Using the Yandex Advertising Network robot to detect the theme of site content

The Yandex Advertising Network robot regularly crawls sites on the Advertising Network and, based on the content of each site, determines its theme for contextual ad display.

When a site is not accessible to the ad robot, contextual ads become less relevant to your site theme, which in turn reduces your revenue.

About the Yandex Advertising Network robot

The name of the Yandex Advertising Network robot is YandexDirect. In User-Agent format, the robot that indexes pages of participating sites on the Yandex Advertising Network is represented as follows:

Mozilla/5.0 (compatible; YandexDirect/3.0)
Attention. Blocking the User-agent: Yandex robot in the robots.txt file may result in all Yandex robots being blocked, including the Yandex Advertising Network robot.

To make sure that the Yandex Advertising Network robot crawls your site, the beginning of the robots.txt file in the root directory must have the following entry:

User-Agent: YandexDirect

Check your site's accessibility to the Yandex Advertising Network robot

Yandex Advertising Network partners can open Yandex Webmaster and go toTools → Robots.txt analysis to check if their site pages can be indexed by the YandexDirect robot. This is checked based on parameters written in the robots.txt file.

This tool lets you find out whether pages of a site were needlessly closed to indexing due to errors in the robots.txt file (for example, if it was necessary to block a site from the search robot and make it accessible only to the ad robot but the rule was incorrectly written).

The tool's operating method is simple. You must embed the source code of the robots.txt file or choose a website to check. If it turns out that they were banned from being indexed by the ad robot, the system will display the corresponding message, and in some cases will suggest ways to resolve the problem.

Crawling speed of the Yandex Advertising Network robot

You can manage the speed at which the Yandex Advertising Network robot will crawl your site by using the Crawl-delay directive in the robots.txt file.

The Crawl-delay directive determines how long the robot will pause before it loads each successive page of a site. If the robots.txt file or the directive in it is absent, the minimum pause duration is 2 seconds. This pause duration provides optimal indexing speed for most sites without creating excessive loads on their servers or hosting services. For example, it lets the Yandex Advertising Network robot fully index a site consisting of several thousand pages within one day.

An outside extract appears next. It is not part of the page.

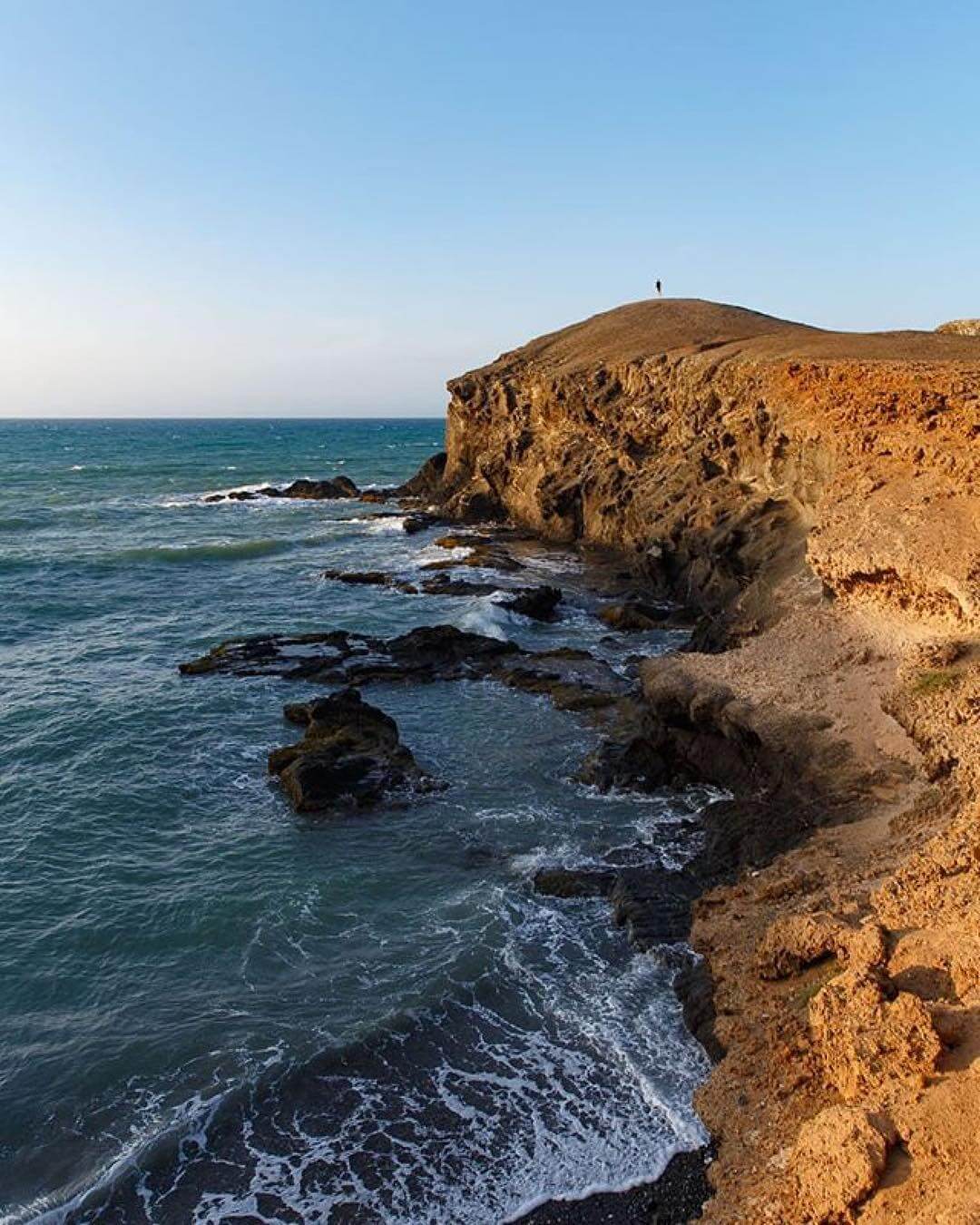 Acantilado de Punta Gallinas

Tip. For large sites, we recommend that you set the Crawl-delay variable to less than two seconds. Setting Crawl-delay to more than two seconds makes sense if the Yandex Advertising Network robot creates a noticeable load on the site and interferes with its standard functionality.

Keep in mind that a Сrawl-delay value that is too high may reduce the quality of ads and, consequently, reduce your site's revenue.

Tragic content

Yandex deems it unethical to display ads on pages with tragic content. We use a special filter to search pages' text for phrases that indicate tragic content, and such pages may be flagged as tragic content. However, for news feeds of “mass media” sites, the tragic content indication may be ignored.